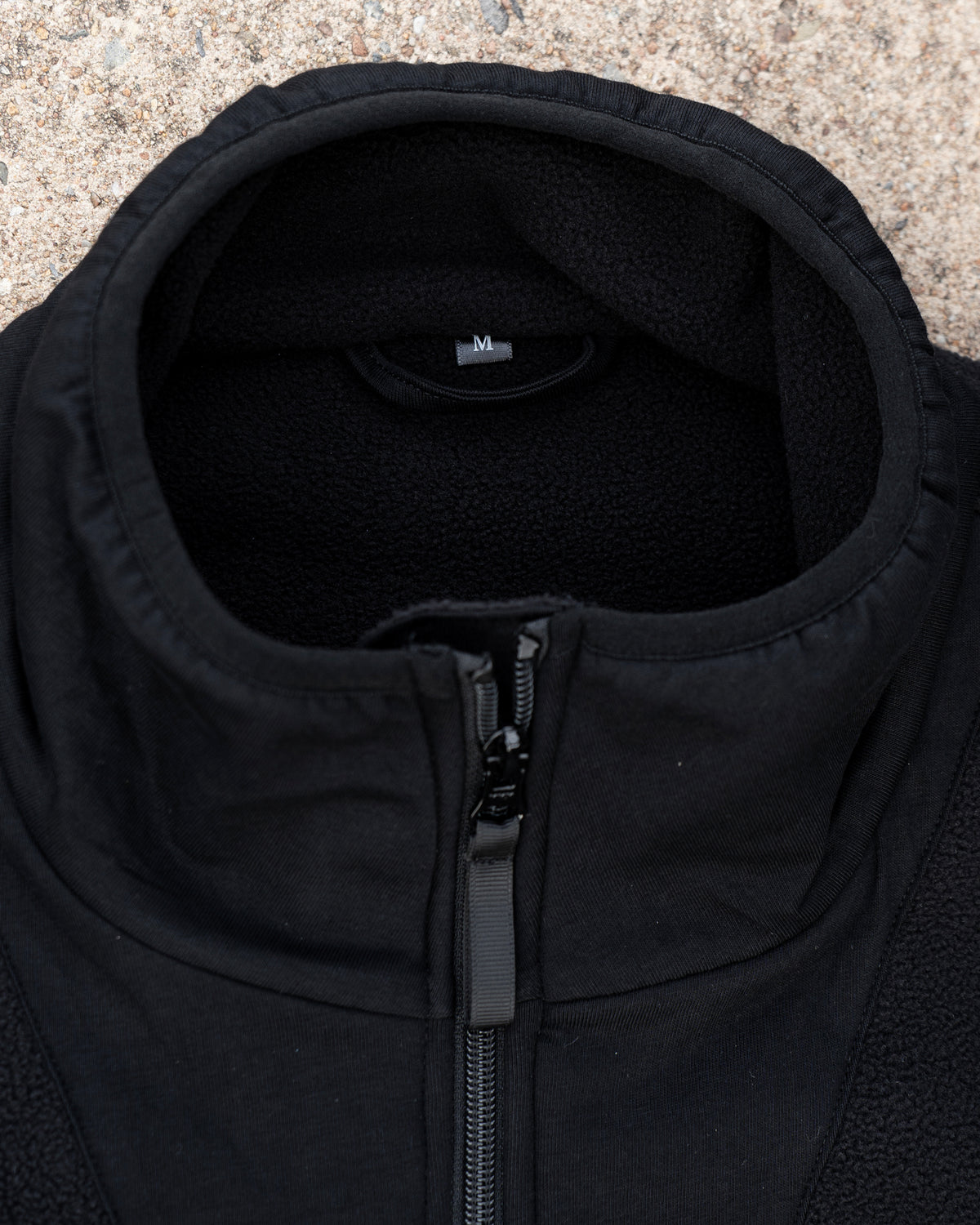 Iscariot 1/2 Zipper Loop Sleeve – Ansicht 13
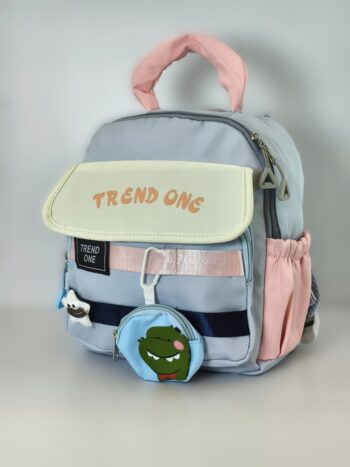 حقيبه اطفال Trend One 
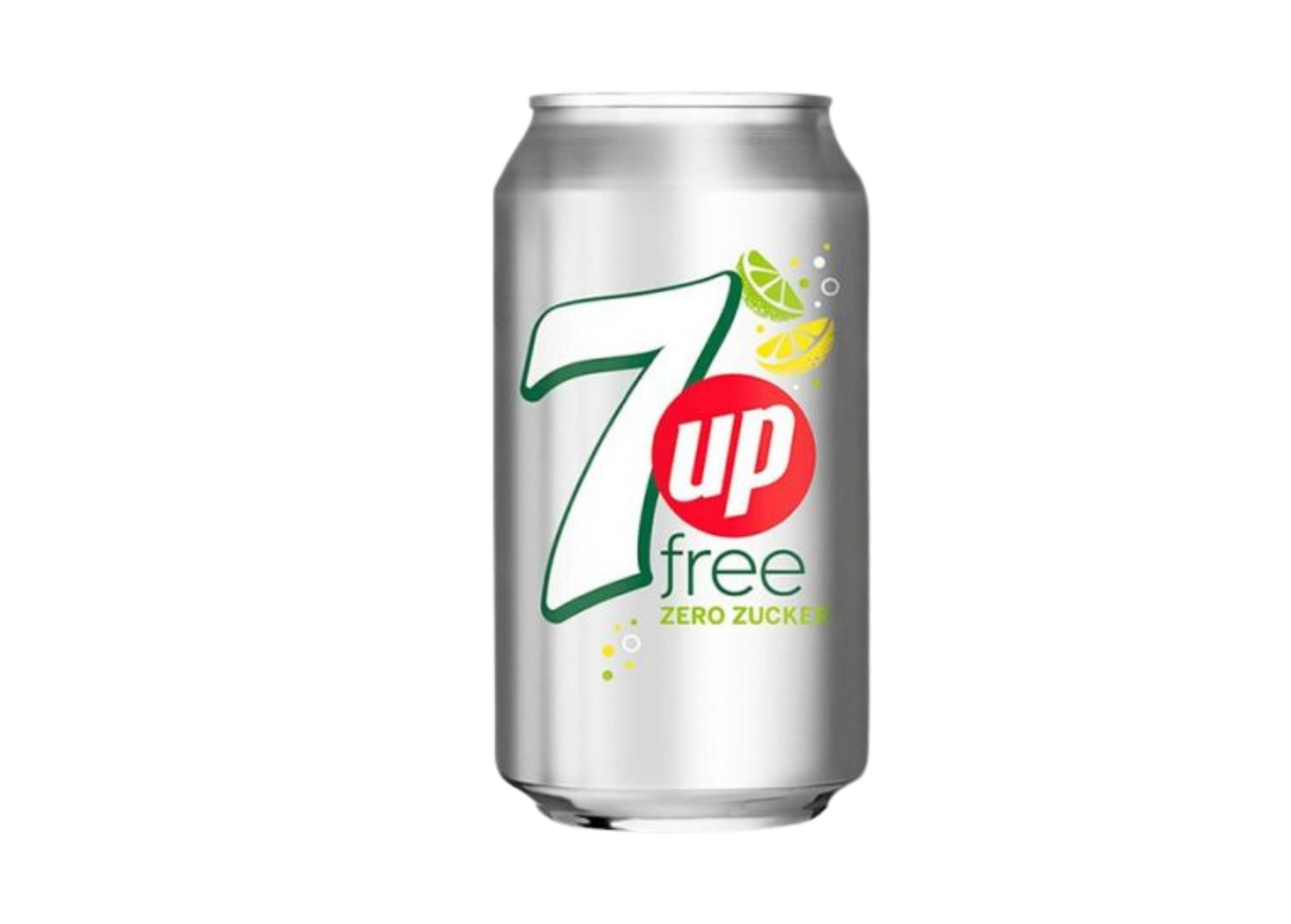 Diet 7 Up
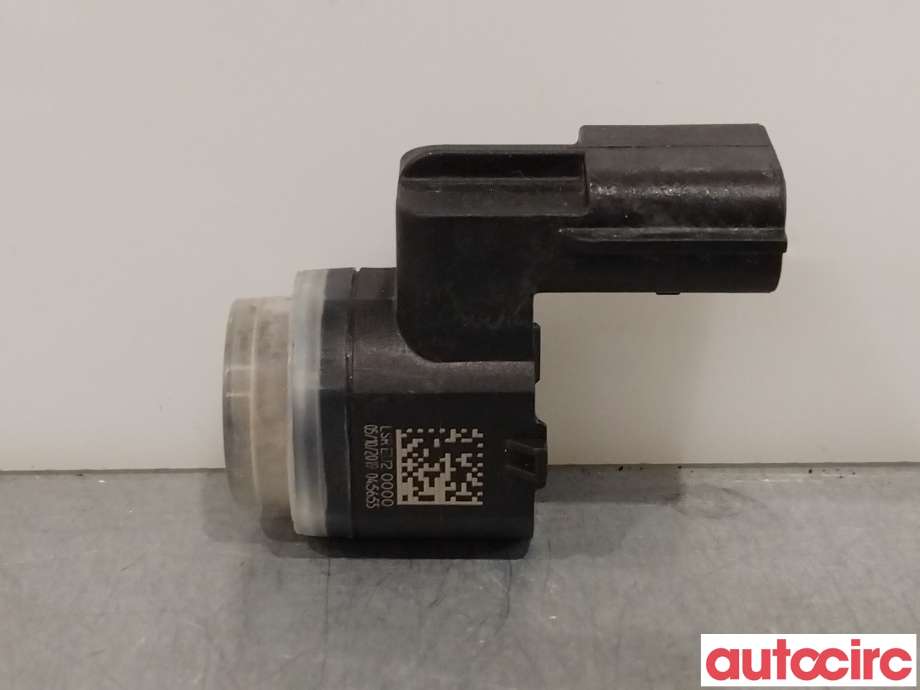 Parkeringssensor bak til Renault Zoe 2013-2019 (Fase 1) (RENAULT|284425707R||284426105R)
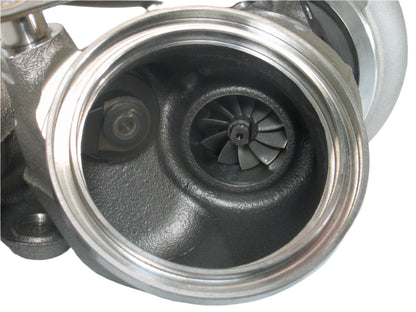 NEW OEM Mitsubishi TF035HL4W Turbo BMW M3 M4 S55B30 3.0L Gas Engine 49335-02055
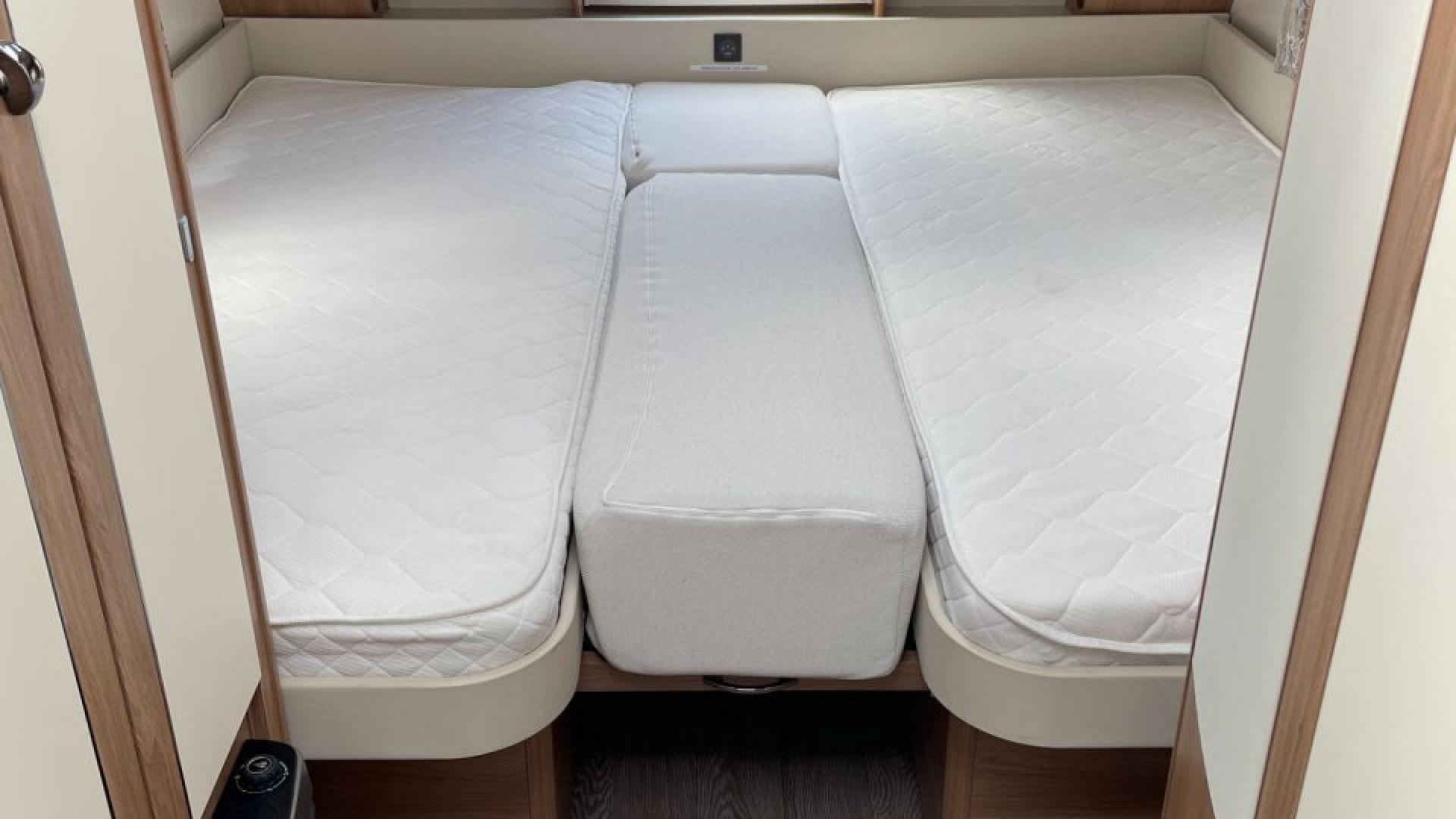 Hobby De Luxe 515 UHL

---

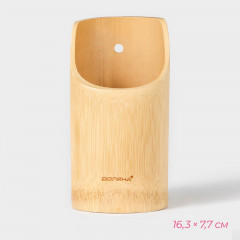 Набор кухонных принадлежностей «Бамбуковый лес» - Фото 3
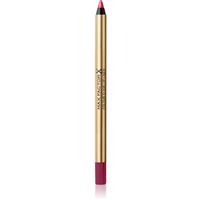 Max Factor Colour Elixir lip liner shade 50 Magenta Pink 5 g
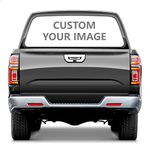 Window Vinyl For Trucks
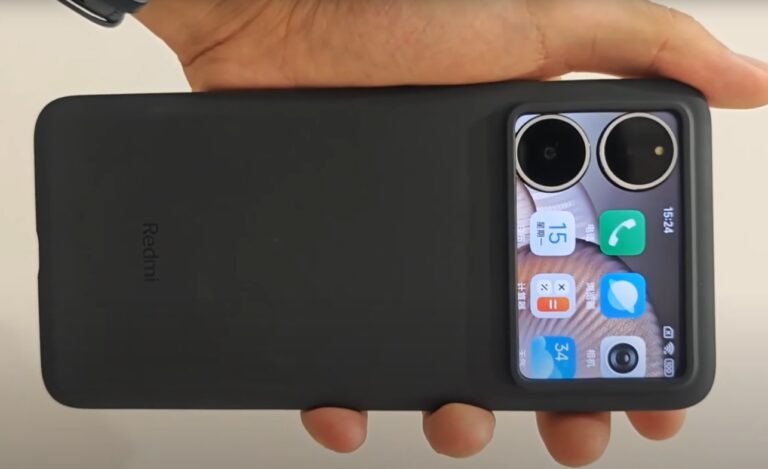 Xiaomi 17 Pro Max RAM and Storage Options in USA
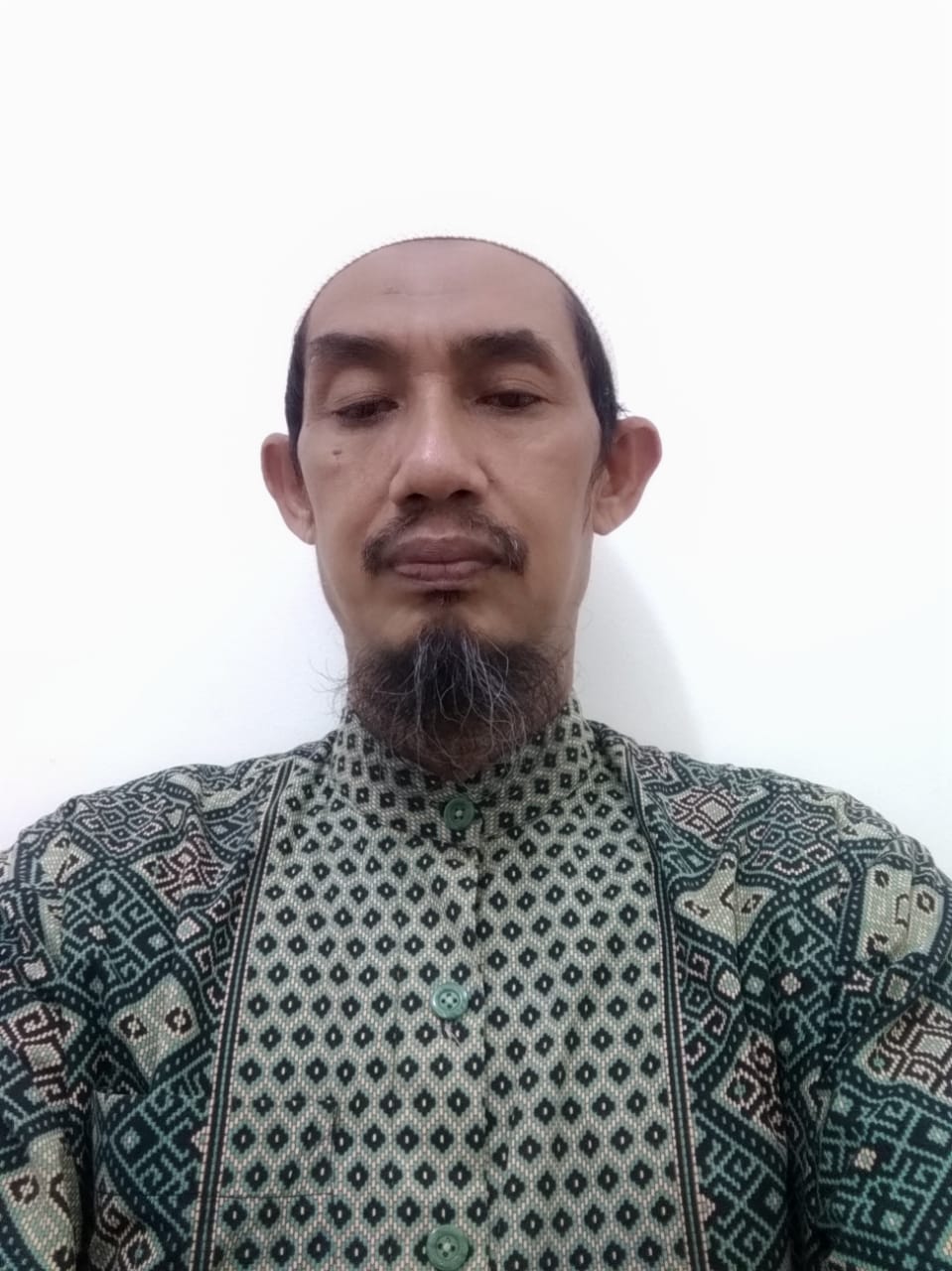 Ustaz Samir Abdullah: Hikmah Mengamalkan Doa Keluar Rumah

---

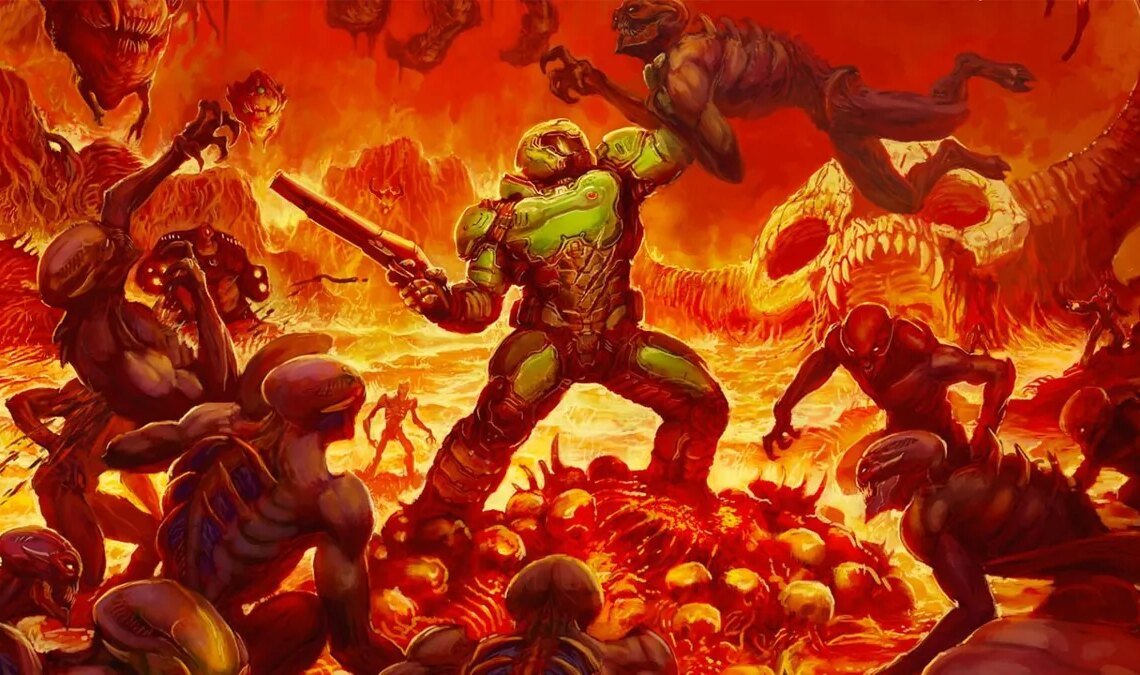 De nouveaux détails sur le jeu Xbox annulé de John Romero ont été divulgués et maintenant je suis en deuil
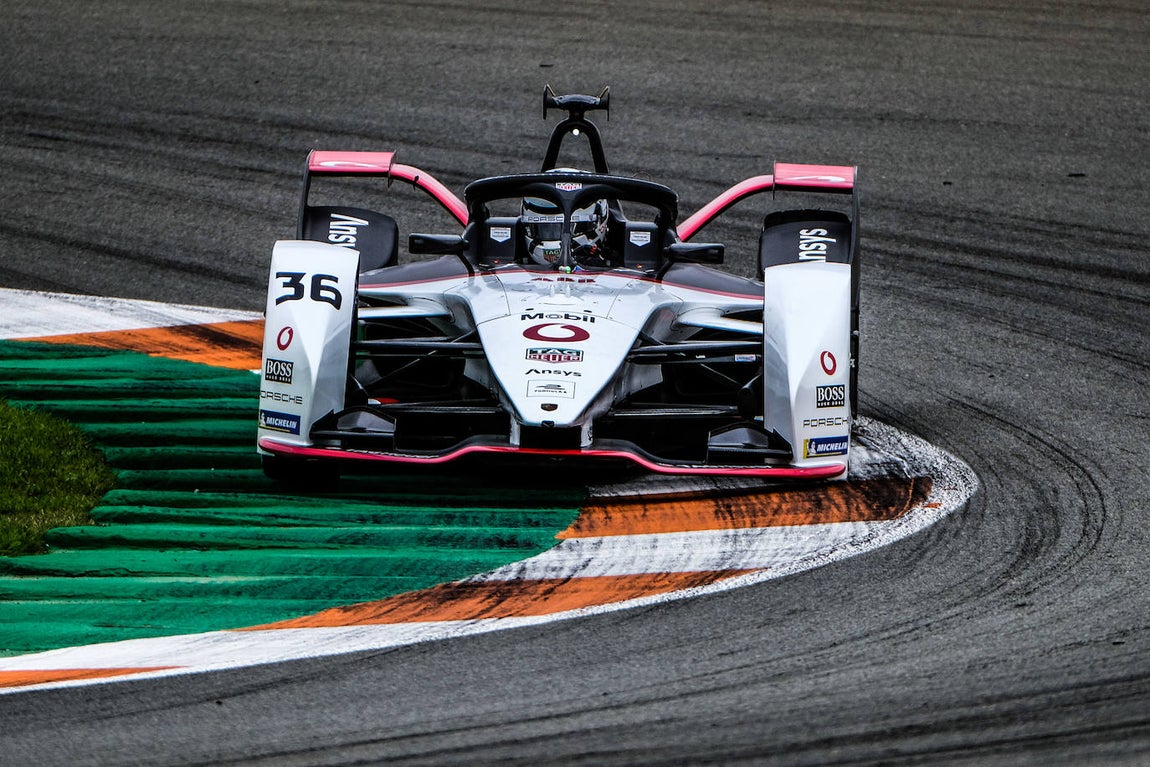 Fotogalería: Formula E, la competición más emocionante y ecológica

> **EXERCISE DETAILS**: Only one part of the material above is wanted: the lines from the one with "Window Vinyl For Trucks" up to and including the one with "Ustaz Samir Abdullah: Hikmah". Please copy them exactly, pictures left out.

> **TASK RESPONSE**:
 Window Vinyl For Trucks
 Xiaomi 17 Pro Max RAM and Storage Options in USA
 Ustaz Samir Abdullah: Hikmah Mengamalkan Doa Keluar Rumah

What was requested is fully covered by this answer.